= Cassie Brown =

Author from Newfoundland (1919-1986)

Cassie Eileen Brown (January 10, 1919 – December 30, 1986) was a Newfoundland and Labrador journalist, author, publisher and editor. Brown is most distinguished for her books Death on the Ice, which was featured in Reader's Digest, and The Wreck of the Florizel.

== Early life and education ==
Brown was born in Rose Blanche, Newfoundland, to Wilson and Caroline (Hillier) Horwood. Her early education took place in Rose Blanche, St. Georges, and, later, in St. John's after her family moved there when she was eleven years old. In St. John's, Brown's father worked as a freelance broadcaster and her mother as a teacher and entrepreneur. The tourist resort, "Karwood", established by Caroline Horwood on the outskirts of St. John's, would eventually become Brown's writing retreat.

== Career ==
Brown started writing when she was a teenager, beginning with newspaper articles. Later, her work expanded to include freelance script-writing and educational broadcasts for CBC. She gained recognition in the 1950s when her short stories and radio dramatizations won five Newfoundland and Labrador Arts and Letters Awards.

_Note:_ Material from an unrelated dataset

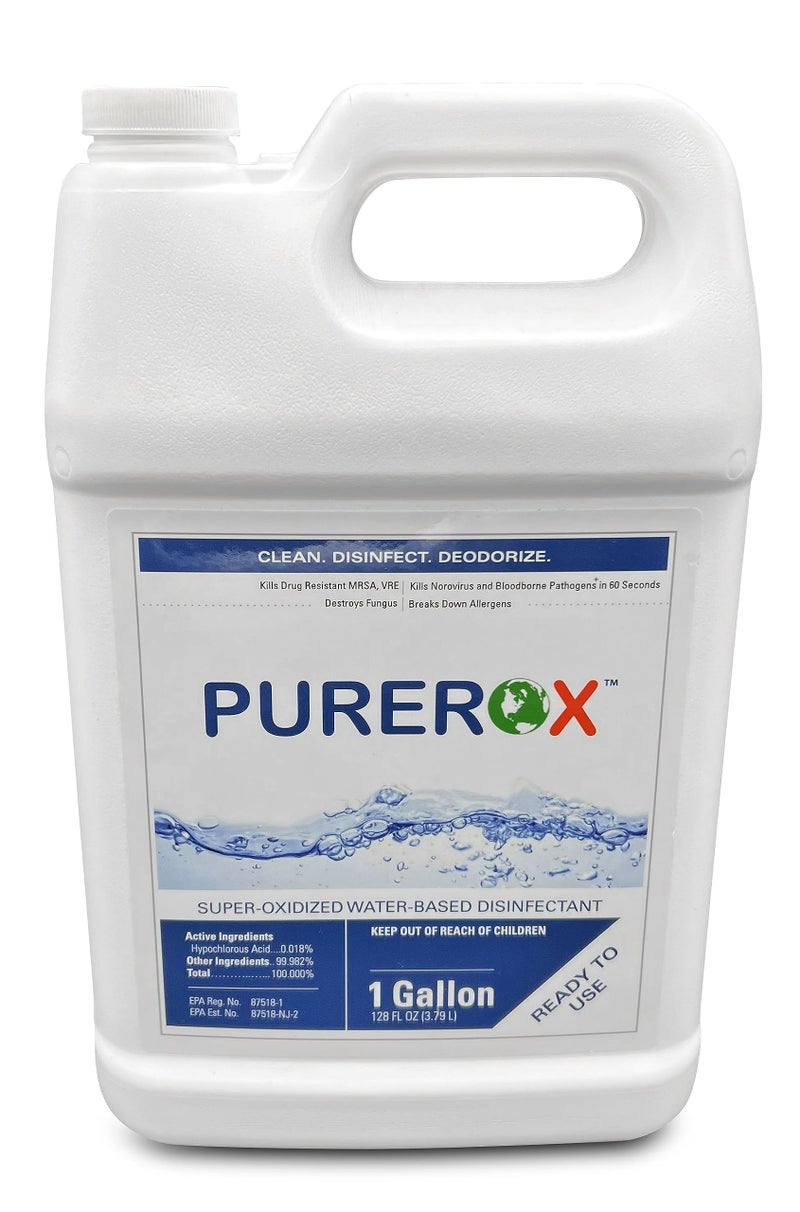 PUREROX disinfectant (1 gallon) Eliminate 99.9999% viruses, Norovirus, HIV, MRSA and fungi. PUREROX Hypochlorous technology. Hospital Grade. Use Anywhere. No residue.No Rinse. Suitable All Surfaces - Image 1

She was a reporter for The Daily News of St. John's from 1959 to 1966 and publisher of the magazine Newfoundland Women from 1961 to 1964.

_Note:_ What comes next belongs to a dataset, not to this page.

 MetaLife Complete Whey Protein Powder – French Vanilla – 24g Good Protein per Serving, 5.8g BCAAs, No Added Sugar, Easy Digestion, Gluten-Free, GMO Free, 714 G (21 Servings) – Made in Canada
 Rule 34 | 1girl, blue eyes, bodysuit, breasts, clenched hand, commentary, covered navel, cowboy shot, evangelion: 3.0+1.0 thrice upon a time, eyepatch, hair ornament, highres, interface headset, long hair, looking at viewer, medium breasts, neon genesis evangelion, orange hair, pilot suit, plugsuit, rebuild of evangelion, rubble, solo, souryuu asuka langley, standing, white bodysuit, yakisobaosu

Brown was elected to the executive of the Newfoundland Drama Society and made an honorary life member. She was also President of Karwood Limited, a real estate development company from Mt. Pearl.

== Bibliography ==
- Death on the Ice: The Great Newfoundland Sealing Disaster of 1914 (1974) ISBN 0-385-25179-3, foreword by Harold Horwood
- A Winter's Tale: The Wreck of the Florizel (1976) ISBN 0-9698767-4-2
- Standing Into Danger (1979) ISBN 1-894463-02-1
- The Caribou Disaster and Other Short Stories (1996) ISBN 0-9698767-3-4
- Writing the Sea (2005) ISBN 1-894463-74-9

== Adaptations ==
In 2011, an unabridged audiobook edition of Death on the Ice was narrated for Rattling Books by Newfoundland singer/songwriter Ron Hynes.